Predicting and optimising the energy yield of perovskite-on-silicon tandem solar cells under real world conditions

Abstract

Metal halide perovskite absorber materials have emerged as a potential new technology for large-scale low-cost photovoltaic solar power. One great advantage lies in the ability to tune their light absorption band across the visible to near infrared spectral regions, making it an ideal candidate for tandem solar cell applications, in combination with traditional crystalline silicon. For a multi-junction solar cell to operate at peak efficiency, the current generation in all junctions must closely match, especially for monolithically integrated tandem architectures. It is feasible to achieve such matching under a standardized solar spectrum with direct illumination. However, under real world conditions the spectrum of sun light, and the fraction of diffuse to direct sun light varies considerably depending upon the location and weather conditions. Hence, it is not directly obvious how much more efficient a multi-junction solar cell needs to be, in comparison to a single junction cell, before it will produce more electrical power under real world conditions.
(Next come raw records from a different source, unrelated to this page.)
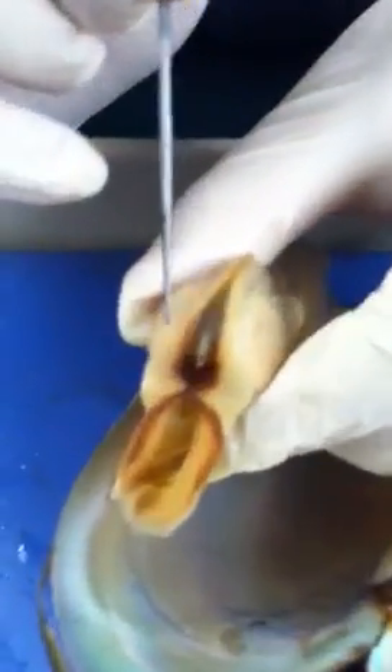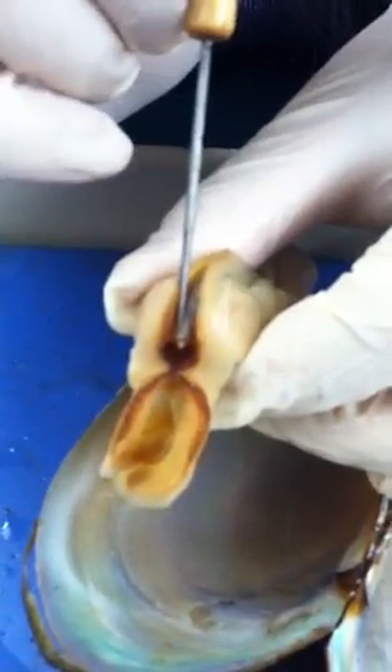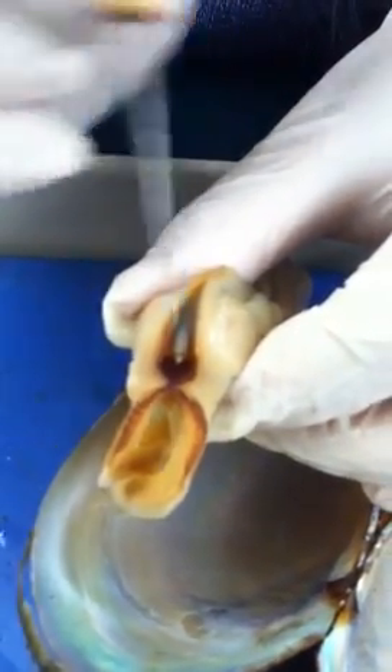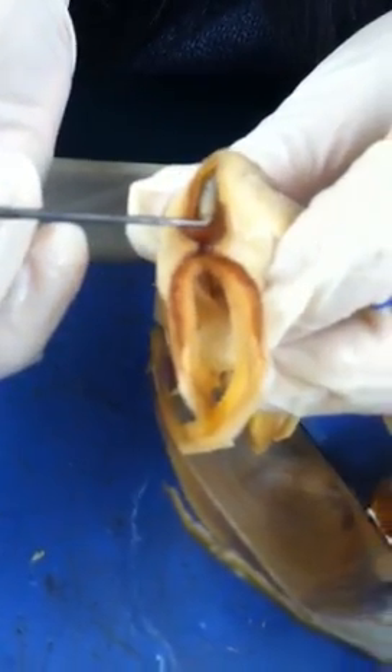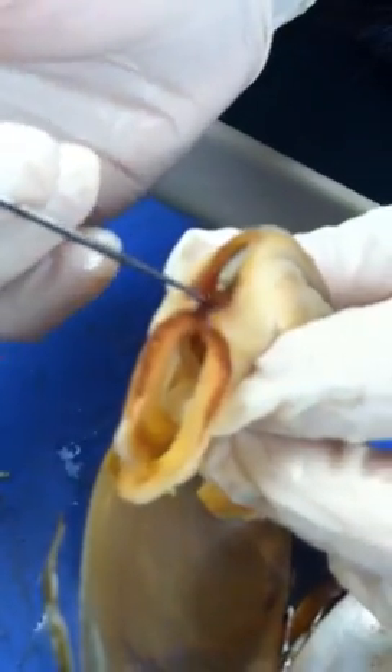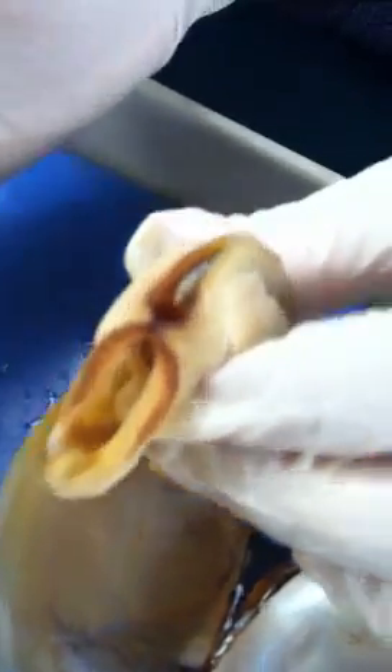In the excurrent siphon, you will see two more structures. The first one is the rectum, and at the end of the rectum, you will see an opening — that will be the anus. So that's the anus and the rectum, and that's it about the clam dissection.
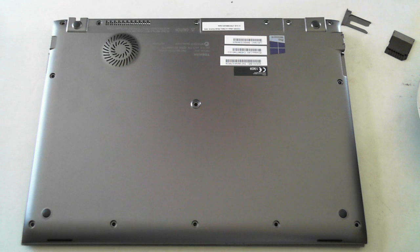Hi, it's David here from DP Computing. Today we're going to do a quick teardown of a Toshiba Portege Z930, which is an Ultrabook.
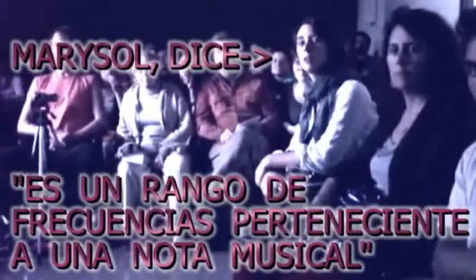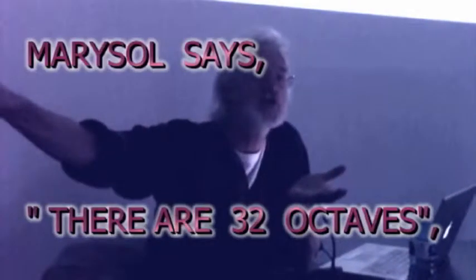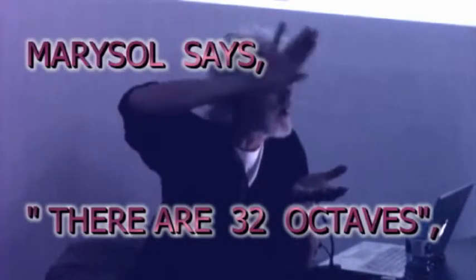We're not talking about single frequencies — this is a range of frequencies. But Marisol had to climb something on the order of thirty-two octaves between sound and light — a long climb up the ladder between sound and light.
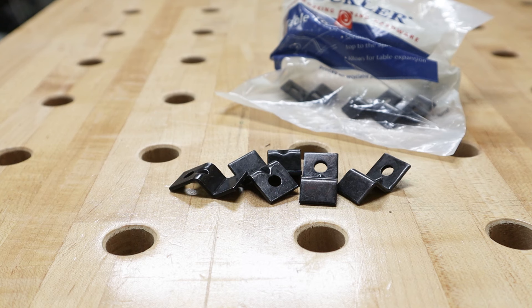Hey guys, I'm Matt from MWA Woodworks, and in this quick tip video I'm going to show you how to attach a tabletop to its base in a way that allows for proper wood movement. To do that I'm going to use these z-clips. Z-clips are easy to install, relatively cheap, and can be purchased online or in woodworking supply shops. Keep watching until the end because I'm going to share a couple of things I learned along the way. Now let's get started.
Here, we introduce a rigorous optical and device simulation to optimize perovskite-on-silicon tandem solar cells and identify feasibility of various optimisation parameters to achieve the highest possible efficiencies. Firstly, we determine that the ideal bandgap for a perovskite “top-cell” is 1.65 eV, which will deliver up to 32% efficiency when combined with a silicon rear cell. Furthermore, we calculate the annual energy yield under hourly spectrum changes at different locations and optimize the stack to show that tandem solar cells are yielding up to 30% more energy output than the single junction silicon. Most critically, the standardized air mass 1.5 efficiency measurement improvements observed for the tandems cells, translate almost entirely to the same fractional improvement in energy yield. Hence, the efficiency of the tandem cell is not significantly “de-rated” by real world spectral variations. We do observe however, that tandem solar cell stacks can deliver further improvements by optimising differently depending on the location of installation. Our results justify the drive towards monolithically integrated multi-junction solar cells, and will enable guidance to design the ideal perovskite tandem device and allow estimations for energy yield and hence the levelized cost of electricity.